Key words: ligand-less in situ surfactant-based solid phase extraction; preconcentration; cobalt; nickel; zinc determination

RESUMO

Uma nova e simples extração de fase sólida (LL-ISSPE), baseada em surfactante, sem ligantes e in situ foi desenvolvida para a pré-concentração de cobalto, níquel e zinco em amostras de água. Neste método, um surfactante catiônico contendo um grupo alquila (brometo de n-dodeciltrimetilamônio) é dissolvido na amostra aquosa e então um agente adequado de par iônico (ClO4) é adicionado. Devido à interação entre o surfactante e o agente de par iônico, partículas sólidas são formadas e o precipitado do analito foi adsorvido na superfície do adsorvente. Após a centrifugação, o sedimento é dissolvido em 3,0 mL HNO3 em etanol e então aspirado diretamente na chama do espectrômetro de absorção atômica em chama. Variáveis que afetam a eficiência da extração, como pH, concentrações de surfactante e par iônico, quantidade de CO32−, tempo de extração, tempo e razão da centrífuga foram otimizados. Os limites de detecção para Co(II), Ni(II) e Zn(II) baseados em 3Sb/m foram 1,0, 1,5 e 0,3 ng mL−1, respectivamente. O método proposto foi aplicado com sucesso na determinação dos íons de cobalto, níquel e zinco em amostras de água reais.

Introduction

In general, potentially toxic metal ions are toxic, non-biodegradable, and tend to be accumulated in vital human organs. Therefore, the determination of trace potentially toxic metal species in environmental samples is nowadays made more demanding because of several metal species that have to be monitored the quality.1

Several atomic spectrometric techniques such as flame atomic absorption spectrometry (FAAS),2-4 electrothermal atomic absorption spectrometry,5,6 ultraviolet visible absorption spectrometry,7,8 inductively coupled plasma mass spectrometry,9 inductively coupled plasma optical emission spectrometry,10 and voltammetric techniques11 had been developed for the determination of potentially toxic metal species in different environmental samples.

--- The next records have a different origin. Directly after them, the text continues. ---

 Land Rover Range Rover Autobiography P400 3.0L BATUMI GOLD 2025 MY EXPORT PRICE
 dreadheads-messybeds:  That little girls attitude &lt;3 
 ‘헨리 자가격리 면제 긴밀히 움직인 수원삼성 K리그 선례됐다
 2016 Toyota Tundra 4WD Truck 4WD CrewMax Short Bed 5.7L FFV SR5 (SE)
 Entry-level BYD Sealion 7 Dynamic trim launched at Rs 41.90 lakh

FAAS with its relative low cost and good analytical performance is one of the main instruments in the research laboratories for determination of potentially toxic metal species such as zinc, nickel and cobalt. Accurate determination of trace potentially toxic metal species by FAAS is a challenge to analytical chemists because of their low concentrations. In addition, the influence of the matrix is also paramount. In order to solve these important problems, separation-enrichment techniques such as: liquid-liquid extraction,12 solid phase extraction (SPE),7,10,13 cloud point extraction,11,14 coprecipitation,15 liquid-liquid microextraction,16 ultrasound-assisted extraction17 and dispersive liquid-liquid microextraction18,19 have been used by researchers around the world.

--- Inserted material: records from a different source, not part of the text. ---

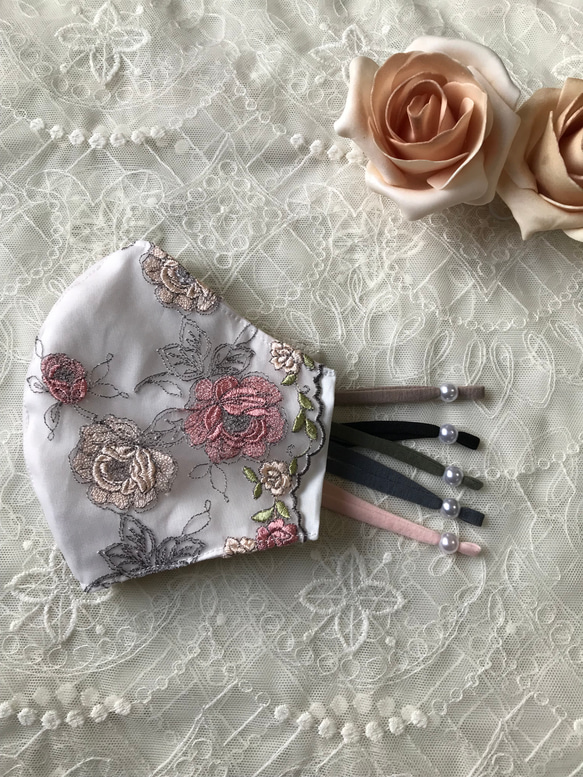 【1枚】ミニ薔薇刺繍がかわいい♡レースマスク✴︎ホワイト系 5枚目の画像
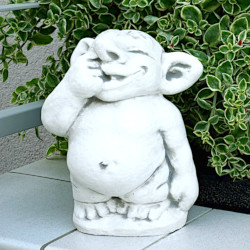 Фигурка малая Гном с пальцем в носу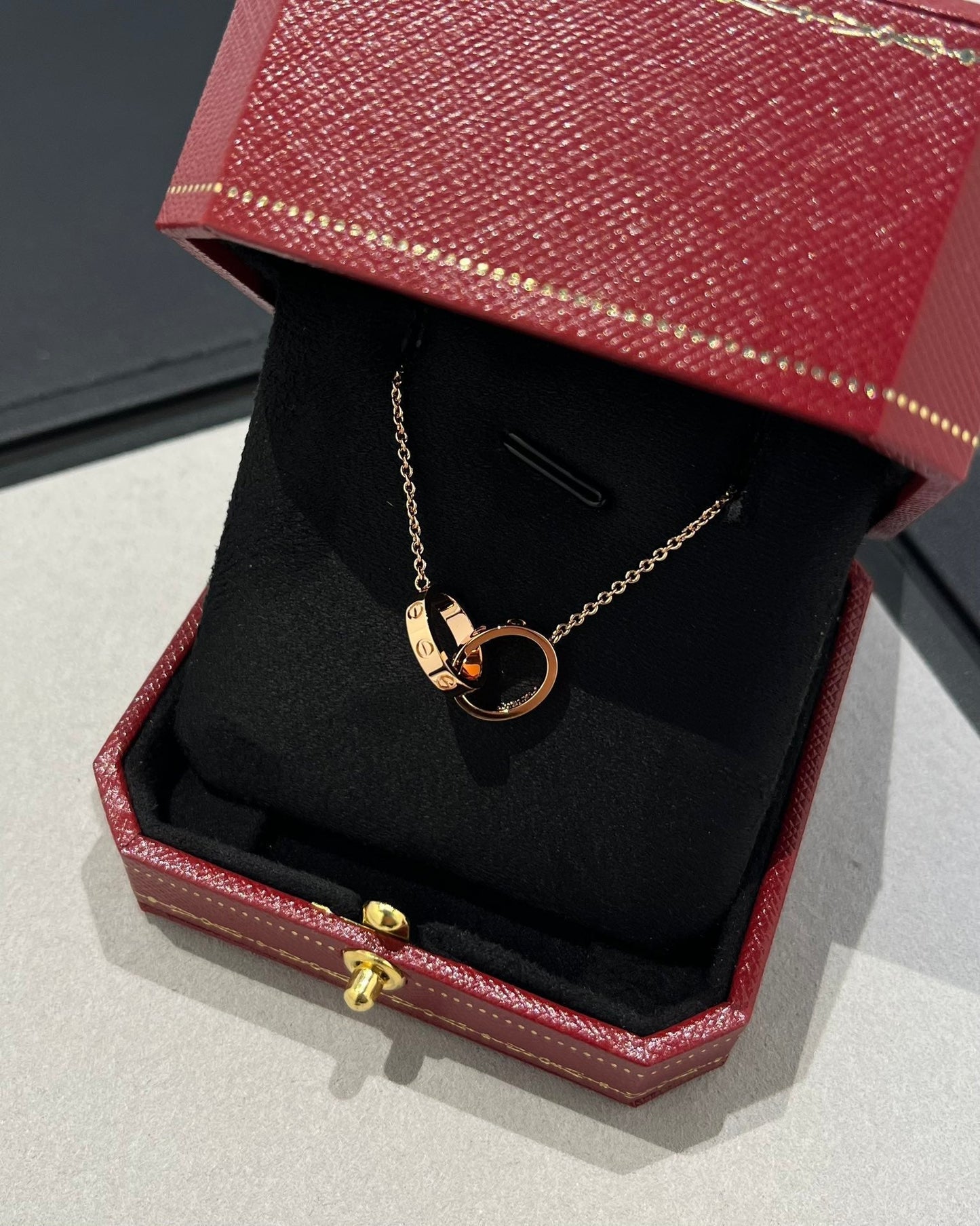 [Charm Aries Jewelry]LOVE NECKLACE DOUBLE RING PINK GOLD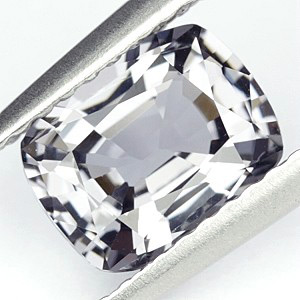 Чистейшая серебристая шпинель 1,38 карат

Recently Shemirani and Yousefi20 demonstrated a surfactant-based SPE mode termed in situ surfactant-based solid phase extraction. In this method, a cationic surfactant containing a proper alkyl group was dissolved in the aqueous sample and then a proper ion-pairing agent was added. Due to the interaction between the surfactant and ion-pairing agent, very fine solid particles were formed.

In the present work, we have demonstrated a new in situ surfactant-based solid phase extraction that is simple, rapid, safe and efficient. In this method, termed ligand-less in situ surfactant-based solid phase extraction, due to interaction between surfactant and ion-pairing agent, very fine solid particles were formed. The adsorption mechanism in this method is similar to traditional coprecipitation. After formation of very fine solid particles, precipitate containing analyte was quickly adsorbed on surface of fine solid particles, because of the high surface area between fine solid particles and the aqueous phase. After centrifugation, the solid particles were sedimented at the bottom of the centrifuge tube. After this, the aqueous phase was removed by decantation of the centrifuge tube. Finally, the sedimented sorbent can be leached with acid in order to recover the analyte.

Experimental

Instrumentation

An atomic absorption spectrometer (SensAA GBC, Dandenong, Australia) equipped with deuterium background correction and air-acetylene burner was used for absorbance measurements. Cobalt, nickel and zinc hollow cathode lamps were used as light sources at wavelengths of 240.7, 232.0 and 213.9 nm, respectively. The operating parameters were set according to the manufacturer's recommendations. The acetylene flow rate and the burner height were adjusted in order to obtain a maximum absorbance signal, while aspirating a sample. A pHmeter (Metrohm 692, Herisau, Switzerland) and a tabletop centrifuge (K240, Centurion West Sussex, United Kingdom) were used.

Reagents and solutions

All solutions were prepared from analytical grade reagents, and the water used in the process was from a Milli-Q purification system (Millipore, Bedford, MA, USA). Before use, all laboratory glassware was kept overnight in a 10% (v/v) HNO3 solution, rinsed with deionized water and dried in an oven at 100 °C. Stock solutions of cobalt, nickel and zinc at concentration of 1000.0 mg L−1 were purchased from Merck (Darmstadt, Germany). A solution of 0.02 mol L−1 KClO4 (JHD, Guangdong Guanghua Chemical Factory Co., Shantou, Guangdong, China) was prepared by dissolving appropriate amount of KClO4 in deionized water. A solution of 0.2 mol L−1 n-dodecyltrimethylammonium bromide (DTAB) (Sigma-Aldrich, Munich, Germany) was prepared in deionized water and ethanol. Solutions of various metal salts (1000 mg L−1) were used to study the interference of anions and cations.

Sample preparation

Wastewater, river water and well water samples were collected in acid leached polyethylene bottles. River water samples were collected from two local river (Kohpayeh and Shahdad, Kerman, Iran), and wastewater samples were from Bahonar copper factory (Kerman, Iran) and the copper factory in Sarcheshmeh (Rafsanjan, Iran). A well water sample was collected from the university ground water well (Kerman, Iran). Mineral water was purchased from a local supermarket. The only pretreatment was acidification to pH 2 with HNO3, which was performed immediately after collection, in order to prevent adsorption of the metal ions on the flask walls. The samples were filtered through a cellulose membrane of 0.45 µm pore size (Millipore) in order to prevent metals precipitation by colloidal sized particulate suspended in water.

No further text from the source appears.